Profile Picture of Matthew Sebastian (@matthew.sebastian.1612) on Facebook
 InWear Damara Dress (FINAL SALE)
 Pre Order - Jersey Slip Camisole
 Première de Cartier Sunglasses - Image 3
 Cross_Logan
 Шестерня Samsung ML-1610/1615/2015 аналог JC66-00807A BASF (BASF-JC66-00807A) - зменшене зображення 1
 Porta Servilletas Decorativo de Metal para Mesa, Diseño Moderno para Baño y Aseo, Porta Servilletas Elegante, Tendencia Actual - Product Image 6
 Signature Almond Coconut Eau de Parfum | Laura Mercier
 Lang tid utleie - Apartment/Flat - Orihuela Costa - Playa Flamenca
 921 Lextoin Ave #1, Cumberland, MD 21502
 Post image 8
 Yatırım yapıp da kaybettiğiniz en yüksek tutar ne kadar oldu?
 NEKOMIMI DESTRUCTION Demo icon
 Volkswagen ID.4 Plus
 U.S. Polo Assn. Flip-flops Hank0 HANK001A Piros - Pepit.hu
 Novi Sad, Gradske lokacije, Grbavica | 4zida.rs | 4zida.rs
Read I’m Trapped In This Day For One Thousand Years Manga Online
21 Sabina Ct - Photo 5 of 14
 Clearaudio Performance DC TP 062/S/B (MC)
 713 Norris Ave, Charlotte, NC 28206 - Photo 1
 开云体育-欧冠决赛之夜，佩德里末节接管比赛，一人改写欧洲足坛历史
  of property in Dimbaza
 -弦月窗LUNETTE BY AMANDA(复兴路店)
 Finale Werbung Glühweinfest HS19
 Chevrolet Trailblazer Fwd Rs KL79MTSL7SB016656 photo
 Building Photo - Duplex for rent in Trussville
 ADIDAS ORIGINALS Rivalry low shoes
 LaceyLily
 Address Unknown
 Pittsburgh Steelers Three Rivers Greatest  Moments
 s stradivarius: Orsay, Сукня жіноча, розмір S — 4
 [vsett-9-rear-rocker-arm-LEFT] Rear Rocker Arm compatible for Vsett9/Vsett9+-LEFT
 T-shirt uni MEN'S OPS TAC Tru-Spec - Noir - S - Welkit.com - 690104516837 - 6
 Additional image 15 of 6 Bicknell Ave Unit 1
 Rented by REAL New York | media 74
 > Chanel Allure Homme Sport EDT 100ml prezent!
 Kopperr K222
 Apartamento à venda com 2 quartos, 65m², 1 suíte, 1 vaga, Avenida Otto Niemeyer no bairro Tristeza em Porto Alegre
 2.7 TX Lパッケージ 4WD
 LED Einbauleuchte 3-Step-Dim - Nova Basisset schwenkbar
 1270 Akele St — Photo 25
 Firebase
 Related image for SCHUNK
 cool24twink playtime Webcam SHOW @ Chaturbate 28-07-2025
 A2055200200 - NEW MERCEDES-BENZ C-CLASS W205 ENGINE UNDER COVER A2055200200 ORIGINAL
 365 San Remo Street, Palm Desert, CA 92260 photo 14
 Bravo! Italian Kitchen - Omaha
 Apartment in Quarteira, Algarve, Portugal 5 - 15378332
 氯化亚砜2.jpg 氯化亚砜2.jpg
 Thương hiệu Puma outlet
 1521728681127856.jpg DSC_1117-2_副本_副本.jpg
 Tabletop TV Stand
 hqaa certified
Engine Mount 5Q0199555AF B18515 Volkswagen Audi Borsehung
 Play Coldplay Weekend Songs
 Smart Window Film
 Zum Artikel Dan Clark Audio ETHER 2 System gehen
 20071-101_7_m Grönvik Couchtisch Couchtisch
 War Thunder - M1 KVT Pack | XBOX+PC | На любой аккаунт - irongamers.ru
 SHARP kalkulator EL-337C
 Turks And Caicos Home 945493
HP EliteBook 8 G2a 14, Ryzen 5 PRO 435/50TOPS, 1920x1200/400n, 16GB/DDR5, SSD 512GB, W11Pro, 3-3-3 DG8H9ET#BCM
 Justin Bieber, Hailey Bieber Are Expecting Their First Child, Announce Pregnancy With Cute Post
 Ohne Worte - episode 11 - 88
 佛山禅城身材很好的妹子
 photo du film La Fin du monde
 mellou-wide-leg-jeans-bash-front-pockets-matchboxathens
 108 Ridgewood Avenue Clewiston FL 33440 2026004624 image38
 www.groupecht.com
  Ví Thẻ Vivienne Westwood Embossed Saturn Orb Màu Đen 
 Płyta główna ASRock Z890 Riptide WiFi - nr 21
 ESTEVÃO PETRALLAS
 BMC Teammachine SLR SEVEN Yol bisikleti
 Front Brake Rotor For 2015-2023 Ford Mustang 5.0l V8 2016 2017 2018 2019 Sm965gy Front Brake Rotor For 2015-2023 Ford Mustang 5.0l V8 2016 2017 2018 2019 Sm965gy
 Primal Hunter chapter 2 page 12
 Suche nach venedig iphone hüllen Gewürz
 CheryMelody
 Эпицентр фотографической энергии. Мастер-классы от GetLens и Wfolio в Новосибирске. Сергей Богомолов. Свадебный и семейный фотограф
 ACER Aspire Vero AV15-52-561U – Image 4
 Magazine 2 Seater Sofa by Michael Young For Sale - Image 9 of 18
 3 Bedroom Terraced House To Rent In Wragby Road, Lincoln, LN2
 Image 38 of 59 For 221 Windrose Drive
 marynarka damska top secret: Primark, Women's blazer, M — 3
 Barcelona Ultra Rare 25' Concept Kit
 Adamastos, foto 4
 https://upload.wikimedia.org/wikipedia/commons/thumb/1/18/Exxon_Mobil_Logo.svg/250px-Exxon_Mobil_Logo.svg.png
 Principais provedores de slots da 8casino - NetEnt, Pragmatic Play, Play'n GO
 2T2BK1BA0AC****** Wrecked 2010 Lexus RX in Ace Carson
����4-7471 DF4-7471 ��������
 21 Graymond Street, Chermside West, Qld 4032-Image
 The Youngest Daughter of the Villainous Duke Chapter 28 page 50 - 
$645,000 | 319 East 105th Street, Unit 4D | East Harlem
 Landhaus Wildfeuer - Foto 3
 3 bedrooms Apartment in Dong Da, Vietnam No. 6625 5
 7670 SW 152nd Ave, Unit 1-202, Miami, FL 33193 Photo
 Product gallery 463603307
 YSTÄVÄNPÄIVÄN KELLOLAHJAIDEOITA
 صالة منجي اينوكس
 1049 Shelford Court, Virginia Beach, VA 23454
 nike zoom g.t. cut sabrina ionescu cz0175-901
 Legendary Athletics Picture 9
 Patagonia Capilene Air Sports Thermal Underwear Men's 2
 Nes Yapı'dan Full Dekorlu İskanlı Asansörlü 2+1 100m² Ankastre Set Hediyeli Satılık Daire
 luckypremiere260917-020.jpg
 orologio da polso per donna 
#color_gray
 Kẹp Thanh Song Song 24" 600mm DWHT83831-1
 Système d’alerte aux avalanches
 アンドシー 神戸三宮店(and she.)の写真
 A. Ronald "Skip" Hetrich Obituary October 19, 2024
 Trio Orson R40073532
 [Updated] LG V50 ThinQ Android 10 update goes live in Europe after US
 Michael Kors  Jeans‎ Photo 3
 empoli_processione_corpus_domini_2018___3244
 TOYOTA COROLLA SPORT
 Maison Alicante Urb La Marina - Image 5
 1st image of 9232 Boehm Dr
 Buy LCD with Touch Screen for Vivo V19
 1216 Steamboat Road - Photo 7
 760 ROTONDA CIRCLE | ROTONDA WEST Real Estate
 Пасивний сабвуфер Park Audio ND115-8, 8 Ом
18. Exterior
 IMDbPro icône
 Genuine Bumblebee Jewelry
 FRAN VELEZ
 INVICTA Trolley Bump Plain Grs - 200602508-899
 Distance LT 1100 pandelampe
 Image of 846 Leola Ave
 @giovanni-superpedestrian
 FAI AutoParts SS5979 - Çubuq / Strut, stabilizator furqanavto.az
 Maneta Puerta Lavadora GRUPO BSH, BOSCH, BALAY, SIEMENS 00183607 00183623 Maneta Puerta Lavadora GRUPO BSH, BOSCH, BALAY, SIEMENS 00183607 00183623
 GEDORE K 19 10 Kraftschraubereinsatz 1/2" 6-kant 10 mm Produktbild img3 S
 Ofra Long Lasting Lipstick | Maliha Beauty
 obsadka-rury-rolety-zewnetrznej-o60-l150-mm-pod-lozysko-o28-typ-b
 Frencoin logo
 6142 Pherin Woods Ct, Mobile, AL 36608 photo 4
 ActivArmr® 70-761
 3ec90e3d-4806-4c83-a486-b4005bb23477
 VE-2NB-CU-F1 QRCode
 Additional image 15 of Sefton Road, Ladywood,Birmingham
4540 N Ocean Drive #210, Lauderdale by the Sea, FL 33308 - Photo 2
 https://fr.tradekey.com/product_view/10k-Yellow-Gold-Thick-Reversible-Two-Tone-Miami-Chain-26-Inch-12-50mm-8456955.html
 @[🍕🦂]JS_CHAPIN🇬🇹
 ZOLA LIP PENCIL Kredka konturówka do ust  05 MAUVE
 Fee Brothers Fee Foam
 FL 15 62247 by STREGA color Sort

───

In the listing above, find the line containing "Cross_Logan" and the line containing "of property in Dimbaza", then quote both, plus every line between them, exactly as written.

**Result below:**
 Cross_Logan
 Шестерня Samsung ML-1610/1615/2015 аналог JC66-00807A BASF (BASF-JC66-00807A) - зменшене зображення 1
 Porta Servilletas Decorativo de Metal para Mesa, Diseño Moderno para Baño y Aseo, Porta Servilletas Elegante, Tendencia Actual - Product Image 6
 Signature Almond Coconut Eau de Parfum | Laura Mercier
 Lang tid utleie - Apartment/Flat - Orihuela Costa - Playa Flamenca
 921 Lextoin Ave #1, Cumberland, MD 21502
 Post image 8
 Yatırım yapıp da kaybettiğiniz en yüksek tutar ne kadar oldu?
 NEKOMIMI DESTRUCTION Demo icon
 Volkswagen ID.4 Plus
 U.S. Polo Assn. Flip-flops Hank0 HANK001A Piros - Pepit.hu
 Novi Sad, Gradske lokacije, Grbavica | 4zida.rs | 4zida.rs
Read I’m Trapped In This Day For One Thousand Years Manga Online
21 Sabina Ct - Photo 5 of 14
 Clearaudio Performance DC TP 062/S/B (MC)
 713 Norris Ave, Charlotte, NC 28206 - Photo 1
 开云体育-欧冠决赛之夜，佩德里末节接管比赛，一人改写欧洲足坛历史
  of property in Dimbaza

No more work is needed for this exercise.